A History Lesson With Booze ®

Edsel

This week back in 1960, the last Edsel automobile rolled off Ford’s assembly line, marking the end of one of the worst blunders in automotive design.

By Loungelistener at English Wikipedia (Transferred from en.wikipedia to Commons.) [Public domain], via Wikimedia Commons

The History Lesson

This week back in 1960, the last Edsel automobile rolled off Ford’s assembly line. It was the 1950s, and Ford Motors decided it wanted something new: A car line that was just a step up in price and coolness from its cheapest jalopies. It was a good idea. Which Ford followed with a bunch of bad ideas.

First, the company designed the new car to be large — even though people were starting to demand small cars. Then, Ford decided to produce hundreds of thousands of the things — just as a recession hit and people started buying less. And then there was the name: “Edsel.” After Henry Ford’s only child. ‘Cause, you know, nothing says “cool new car” like “Edsel.”

But Ford got one thing right: marketing. Before the car’s release, they plastered TV and magazines with ads promising a vehicle unlike anything anyone had ever seen. In photos it was always out of focus, or hidden under sheets. The day the Edsel went on sale, customers flocked to dealerships to get their minds blown!

No dice. Except for an O-shaped front grille, the Edsel didn’t seem much different than other cars. Critics said it looked like quote “An Oldsmobile sucking on a lemon.” Sales got so bad, dealers started offering an incentive: Buy an Edsel, get entered in a rafflde to win a pony.

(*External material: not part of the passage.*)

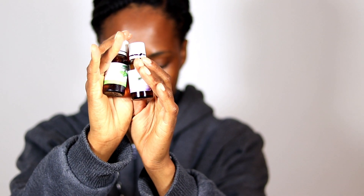Hey guys, I'm going to be showing you how I do my scalp massage with my peppermint oil and my rosemary essential oils. I got my essential oils from Diskim.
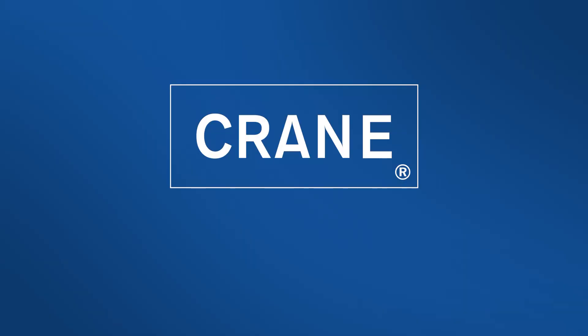That's it — you've installed Cora on your machine. Thanks for watching. If you have any questions, feel free to reach out to us at 1-800-628-8363 or support@craneconnectivity.com.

It didn’t help. In November 1960, after just three years of production, Ford gave up on Edsels. Adjusted for inflation? The company lost 2 billion bucks. The good news? So few were made, they’re collector’s items. A mint example of the car nobody wanted to buy — can go for 200 grand.

The Booze

The Edsel

As gassed up by Robert M. Nelson, entertainer, and bartender at Cafe D’Mongo’s Speakeasy in Detroit, MI:

Ingredients:

Combine in a highball glass:

  • 1.5 oz gin (alter to taste)
  • 1 oz. cream… or soy milk
  • Top with Vernor’s Ginger Ale (the nation’s oldest soft drink, invented in Detroit in 1866)

Instructions:

If you really want to get into the spirit – stir with a rusty transmission shaft or a dipstick. Drink it down and proudly fail.